===== DATA IN THIS EXERCISE

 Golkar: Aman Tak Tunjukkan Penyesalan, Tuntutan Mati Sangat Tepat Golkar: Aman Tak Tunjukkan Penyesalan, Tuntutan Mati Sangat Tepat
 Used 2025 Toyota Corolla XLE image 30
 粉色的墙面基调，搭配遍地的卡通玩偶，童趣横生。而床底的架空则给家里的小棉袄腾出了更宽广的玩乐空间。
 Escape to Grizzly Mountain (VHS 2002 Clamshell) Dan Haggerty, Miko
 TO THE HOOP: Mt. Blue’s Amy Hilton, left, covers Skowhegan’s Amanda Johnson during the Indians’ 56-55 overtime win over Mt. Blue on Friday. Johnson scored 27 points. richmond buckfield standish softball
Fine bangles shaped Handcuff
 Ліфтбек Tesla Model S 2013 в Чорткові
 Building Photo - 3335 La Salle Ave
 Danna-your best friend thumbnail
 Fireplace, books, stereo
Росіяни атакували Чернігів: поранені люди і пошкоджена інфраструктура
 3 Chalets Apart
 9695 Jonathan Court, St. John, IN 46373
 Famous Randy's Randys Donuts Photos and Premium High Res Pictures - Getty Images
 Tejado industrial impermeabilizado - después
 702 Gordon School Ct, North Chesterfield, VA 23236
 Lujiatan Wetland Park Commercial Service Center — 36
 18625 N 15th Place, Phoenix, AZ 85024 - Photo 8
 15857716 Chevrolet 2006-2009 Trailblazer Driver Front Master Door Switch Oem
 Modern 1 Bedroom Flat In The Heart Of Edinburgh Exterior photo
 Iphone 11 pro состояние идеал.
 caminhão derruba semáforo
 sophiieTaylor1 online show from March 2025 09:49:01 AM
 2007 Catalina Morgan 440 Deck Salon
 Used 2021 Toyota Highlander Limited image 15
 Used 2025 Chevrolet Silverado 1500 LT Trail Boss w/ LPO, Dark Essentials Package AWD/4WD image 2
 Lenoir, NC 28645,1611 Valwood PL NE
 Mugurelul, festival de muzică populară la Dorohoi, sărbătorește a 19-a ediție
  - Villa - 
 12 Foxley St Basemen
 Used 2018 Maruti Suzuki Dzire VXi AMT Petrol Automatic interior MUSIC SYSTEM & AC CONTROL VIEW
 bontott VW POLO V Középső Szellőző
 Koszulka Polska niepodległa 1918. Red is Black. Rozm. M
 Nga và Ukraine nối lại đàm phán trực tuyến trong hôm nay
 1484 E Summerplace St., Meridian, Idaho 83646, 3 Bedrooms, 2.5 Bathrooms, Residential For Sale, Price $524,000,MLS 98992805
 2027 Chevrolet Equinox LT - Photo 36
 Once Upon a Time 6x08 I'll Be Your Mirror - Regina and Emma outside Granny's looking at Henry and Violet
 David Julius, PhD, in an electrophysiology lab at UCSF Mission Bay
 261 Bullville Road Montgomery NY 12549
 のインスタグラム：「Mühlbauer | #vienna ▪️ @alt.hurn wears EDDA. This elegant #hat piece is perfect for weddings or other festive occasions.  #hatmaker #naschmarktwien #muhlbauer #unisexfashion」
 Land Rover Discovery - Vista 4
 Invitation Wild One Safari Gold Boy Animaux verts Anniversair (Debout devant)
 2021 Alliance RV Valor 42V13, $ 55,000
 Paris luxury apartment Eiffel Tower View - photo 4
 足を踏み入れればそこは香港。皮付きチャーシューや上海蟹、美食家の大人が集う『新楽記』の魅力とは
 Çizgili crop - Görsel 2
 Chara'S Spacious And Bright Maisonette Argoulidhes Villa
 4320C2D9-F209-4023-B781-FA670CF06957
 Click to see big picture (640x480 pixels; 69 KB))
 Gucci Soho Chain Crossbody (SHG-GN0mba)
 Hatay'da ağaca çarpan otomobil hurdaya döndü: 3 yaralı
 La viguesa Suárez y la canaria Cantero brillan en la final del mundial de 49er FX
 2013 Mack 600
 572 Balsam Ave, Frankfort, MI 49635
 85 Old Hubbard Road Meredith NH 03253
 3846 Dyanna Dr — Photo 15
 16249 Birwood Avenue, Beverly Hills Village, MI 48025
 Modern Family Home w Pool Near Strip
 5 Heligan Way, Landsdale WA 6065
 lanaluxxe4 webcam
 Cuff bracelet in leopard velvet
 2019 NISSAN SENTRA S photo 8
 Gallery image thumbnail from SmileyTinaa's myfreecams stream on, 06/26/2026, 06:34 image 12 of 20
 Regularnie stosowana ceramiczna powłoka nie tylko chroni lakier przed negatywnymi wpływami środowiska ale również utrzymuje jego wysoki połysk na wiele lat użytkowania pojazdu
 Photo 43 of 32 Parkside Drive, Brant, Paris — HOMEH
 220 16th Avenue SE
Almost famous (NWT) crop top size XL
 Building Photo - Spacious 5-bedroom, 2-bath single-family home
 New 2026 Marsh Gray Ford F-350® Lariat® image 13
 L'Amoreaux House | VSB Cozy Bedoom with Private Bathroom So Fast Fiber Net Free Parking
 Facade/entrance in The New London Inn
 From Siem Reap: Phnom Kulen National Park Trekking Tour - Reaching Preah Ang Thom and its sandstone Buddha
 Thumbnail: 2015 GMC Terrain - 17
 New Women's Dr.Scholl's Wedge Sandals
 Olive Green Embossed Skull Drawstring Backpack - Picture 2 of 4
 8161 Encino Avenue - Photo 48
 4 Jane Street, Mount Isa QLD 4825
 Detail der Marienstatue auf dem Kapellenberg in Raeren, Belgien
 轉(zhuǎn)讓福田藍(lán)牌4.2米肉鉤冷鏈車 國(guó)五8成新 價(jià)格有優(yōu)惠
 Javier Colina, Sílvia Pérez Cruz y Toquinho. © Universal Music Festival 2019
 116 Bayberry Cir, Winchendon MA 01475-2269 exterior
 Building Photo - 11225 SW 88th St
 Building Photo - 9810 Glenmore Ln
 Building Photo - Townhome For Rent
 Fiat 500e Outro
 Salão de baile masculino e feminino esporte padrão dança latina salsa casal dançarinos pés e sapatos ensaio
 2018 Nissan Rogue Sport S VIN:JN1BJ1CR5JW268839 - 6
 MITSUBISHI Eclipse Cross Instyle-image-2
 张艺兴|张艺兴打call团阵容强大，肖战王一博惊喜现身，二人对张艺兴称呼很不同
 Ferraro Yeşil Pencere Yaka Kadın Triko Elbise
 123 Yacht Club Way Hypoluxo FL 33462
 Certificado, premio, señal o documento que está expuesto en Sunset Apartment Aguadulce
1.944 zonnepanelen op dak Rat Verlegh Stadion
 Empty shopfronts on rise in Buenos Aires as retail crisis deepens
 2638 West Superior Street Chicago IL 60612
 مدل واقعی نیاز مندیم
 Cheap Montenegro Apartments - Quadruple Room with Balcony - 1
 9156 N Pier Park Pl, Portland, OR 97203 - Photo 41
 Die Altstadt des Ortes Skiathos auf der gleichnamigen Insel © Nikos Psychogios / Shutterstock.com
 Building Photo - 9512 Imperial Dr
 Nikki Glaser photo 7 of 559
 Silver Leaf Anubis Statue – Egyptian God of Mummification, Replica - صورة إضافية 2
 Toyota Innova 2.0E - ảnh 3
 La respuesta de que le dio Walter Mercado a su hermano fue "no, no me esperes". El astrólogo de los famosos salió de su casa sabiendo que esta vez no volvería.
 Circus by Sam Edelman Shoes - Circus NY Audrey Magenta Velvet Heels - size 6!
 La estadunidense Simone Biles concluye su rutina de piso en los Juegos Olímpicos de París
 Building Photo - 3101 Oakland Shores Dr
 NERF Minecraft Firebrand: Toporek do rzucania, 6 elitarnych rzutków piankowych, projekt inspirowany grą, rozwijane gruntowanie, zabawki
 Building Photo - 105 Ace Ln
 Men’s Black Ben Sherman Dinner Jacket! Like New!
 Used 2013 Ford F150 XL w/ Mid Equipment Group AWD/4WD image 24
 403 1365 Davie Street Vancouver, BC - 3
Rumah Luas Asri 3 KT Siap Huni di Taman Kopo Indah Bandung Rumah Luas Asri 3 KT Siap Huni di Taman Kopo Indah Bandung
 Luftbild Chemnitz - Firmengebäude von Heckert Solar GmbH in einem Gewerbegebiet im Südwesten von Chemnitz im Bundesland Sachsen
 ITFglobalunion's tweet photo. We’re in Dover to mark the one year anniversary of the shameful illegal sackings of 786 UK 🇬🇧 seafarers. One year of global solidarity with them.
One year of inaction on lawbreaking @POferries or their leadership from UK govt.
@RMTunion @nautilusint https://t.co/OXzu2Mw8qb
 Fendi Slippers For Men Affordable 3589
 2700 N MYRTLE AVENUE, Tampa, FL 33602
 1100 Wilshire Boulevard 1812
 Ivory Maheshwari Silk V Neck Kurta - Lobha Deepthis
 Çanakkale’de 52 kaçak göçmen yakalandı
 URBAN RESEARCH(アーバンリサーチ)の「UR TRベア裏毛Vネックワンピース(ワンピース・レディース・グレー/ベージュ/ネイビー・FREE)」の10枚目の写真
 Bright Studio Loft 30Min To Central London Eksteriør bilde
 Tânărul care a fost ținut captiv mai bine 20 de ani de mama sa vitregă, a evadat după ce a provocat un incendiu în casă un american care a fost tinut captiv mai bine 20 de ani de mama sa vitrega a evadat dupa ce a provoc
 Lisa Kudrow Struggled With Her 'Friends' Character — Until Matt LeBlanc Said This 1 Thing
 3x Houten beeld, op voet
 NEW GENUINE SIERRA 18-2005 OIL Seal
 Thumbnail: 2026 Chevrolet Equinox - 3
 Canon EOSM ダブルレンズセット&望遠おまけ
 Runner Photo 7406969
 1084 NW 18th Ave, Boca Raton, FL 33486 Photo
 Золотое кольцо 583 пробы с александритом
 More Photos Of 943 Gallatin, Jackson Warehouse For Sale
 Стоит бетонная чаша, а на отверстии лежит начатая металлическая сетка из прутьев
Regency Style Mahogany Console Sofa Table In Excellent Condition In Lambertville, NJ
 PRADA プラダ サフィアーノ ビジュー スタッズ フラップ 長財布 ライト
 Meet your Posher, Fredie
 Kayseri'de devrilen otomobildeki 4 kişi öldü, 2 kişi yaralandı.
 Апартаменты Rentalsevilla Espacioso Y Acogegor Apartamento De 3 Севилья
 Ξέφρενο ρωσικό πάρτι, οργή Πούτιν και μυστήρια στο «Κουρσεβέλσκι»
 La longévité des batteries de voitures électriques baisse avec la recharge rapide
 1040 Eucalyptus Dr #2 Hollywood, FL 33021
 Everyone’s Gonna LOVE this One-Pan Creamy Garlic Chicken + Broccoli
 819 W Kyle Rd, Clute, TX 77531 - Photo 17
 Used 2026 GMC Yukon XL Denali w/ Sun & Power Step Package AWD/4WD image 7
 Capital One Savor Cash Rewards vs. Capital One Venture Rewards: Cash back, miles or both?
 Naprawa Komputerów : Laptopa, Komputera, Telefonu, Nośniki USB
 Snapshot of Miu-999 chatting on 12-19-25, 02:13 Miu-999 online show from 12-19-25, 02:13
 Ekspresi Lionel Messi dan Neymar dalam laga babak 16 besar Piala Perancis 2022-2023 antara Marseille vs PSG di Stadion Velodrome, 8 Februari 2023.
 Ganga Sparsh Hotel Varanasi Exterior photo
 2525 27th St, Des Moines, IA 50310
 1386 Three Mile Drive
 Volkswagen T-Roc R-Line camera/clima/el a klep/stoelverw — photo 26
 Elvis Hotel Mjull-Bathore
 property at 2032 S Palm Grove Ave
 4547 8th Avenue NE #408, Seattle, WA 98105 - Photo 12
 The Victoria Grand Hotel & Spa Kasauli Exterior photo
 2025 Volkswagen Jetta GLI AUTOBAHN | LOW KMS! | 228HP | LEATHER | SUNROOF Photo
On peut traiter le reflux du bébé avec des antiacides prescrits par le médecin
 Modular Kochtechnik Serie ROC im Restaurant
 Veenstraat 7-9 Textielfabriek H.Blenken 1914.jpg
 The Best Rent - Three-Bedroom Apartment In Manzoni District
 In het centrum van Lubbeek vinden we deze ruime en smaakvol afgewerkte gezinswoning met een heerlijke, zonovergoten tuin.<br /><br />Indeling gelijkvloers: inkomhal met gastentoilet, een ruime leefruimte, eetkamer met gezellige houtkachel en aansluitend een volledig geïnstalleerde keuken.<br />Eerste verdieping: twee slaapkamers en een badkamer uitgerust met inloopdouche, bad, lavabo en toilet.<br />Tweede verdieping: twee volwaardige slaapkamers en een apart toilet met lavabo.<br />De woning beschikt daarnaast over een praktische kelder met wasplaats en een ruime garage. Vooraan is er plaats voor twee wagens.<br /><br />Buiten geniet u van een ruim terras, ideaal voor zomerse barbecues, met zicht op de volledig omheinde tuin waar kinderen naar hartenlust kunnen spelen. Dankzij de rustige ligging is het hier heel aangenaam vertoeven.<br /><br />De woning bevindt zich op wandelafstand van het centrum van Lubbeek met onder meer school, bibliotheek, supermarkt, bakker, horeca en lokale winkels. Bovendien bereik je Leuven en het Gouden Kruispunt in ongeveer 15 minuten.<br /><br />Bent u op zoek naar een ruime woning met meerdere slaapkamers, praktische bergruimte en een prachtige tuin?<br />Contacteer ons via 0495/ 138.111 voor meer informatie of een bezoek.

==========

● **WORK INSTRUCTION**:
For every line above that holds the word "Equinox", report the whole line.

● **RESPONSE TO THE TASK**:
 2027 Chevrolet Equinox LT - Photo 36
 Thumbnail: 2026 Chevrolet Equinox - 3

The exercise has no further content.